Cross-Border Equity Market Integration and Corporate Investment Efficiency: Evidence from China
Abstract
This paper explores a practical question: when stock markets become more connected across borders, does that actually push companies to make better investment decisions? To examine this, China and Hong Kong's cross-border stock trading program is used as a real-world test case. What makes this setup useful is that it allows foreign investors to trade shares in certain Chinese companies without changing how those companies are run internally, so any behavioral shifts can be traced back to market integration itself.
Drawing on data from Chinese publicly listed companies between 2010 and 2023, the study measures how far each firm's investment decisions stray from the optimal level.

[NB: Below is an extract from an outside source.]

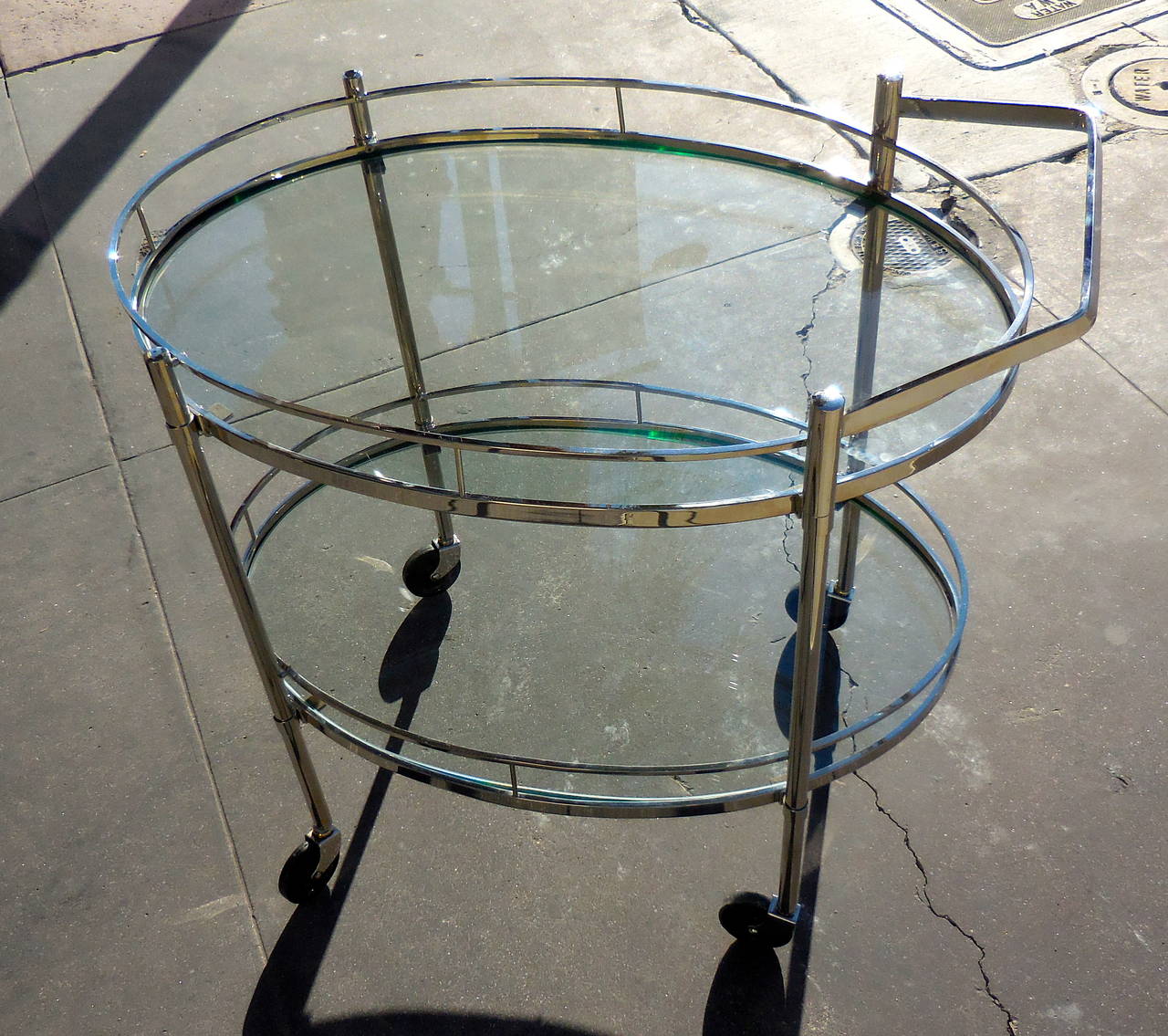 A nickel-plated oval two-tier serving or bar cart, attributed to the New York City firm of Maxwell-Phillips in the 1950s. The cart has recently been nickel-plated over solid brass and the glass shelves are new replacements. The handle is removable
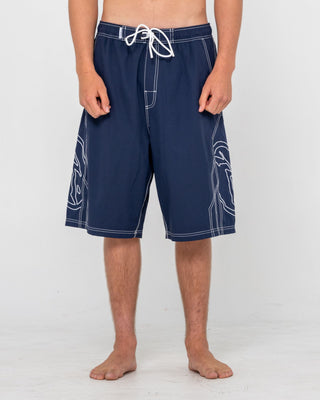 Man wearing Tombstones Hybrid Waist Boardshort in Navy Blue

Through regression analysis controlling for individual company characteristics and broader yearly trends, the paper tracks what happens to firms once they join the program.
The findings are fairly clear: companies that joined the cross-border trading program became noticeably better at allocating capital compared to those that didn't. The improvement unfolds gradually rather than immediately, suggesting firms need time to adjust to new investor dynamics. These findings hold up across different measures of investment efficiency and different sample configurations.
Overall, this study offers a firm-level perspective on what financial integration actually does in practice. It shows that opening equity markets to a broader pool of international investors can meaningfully improve how companies deploy their resources.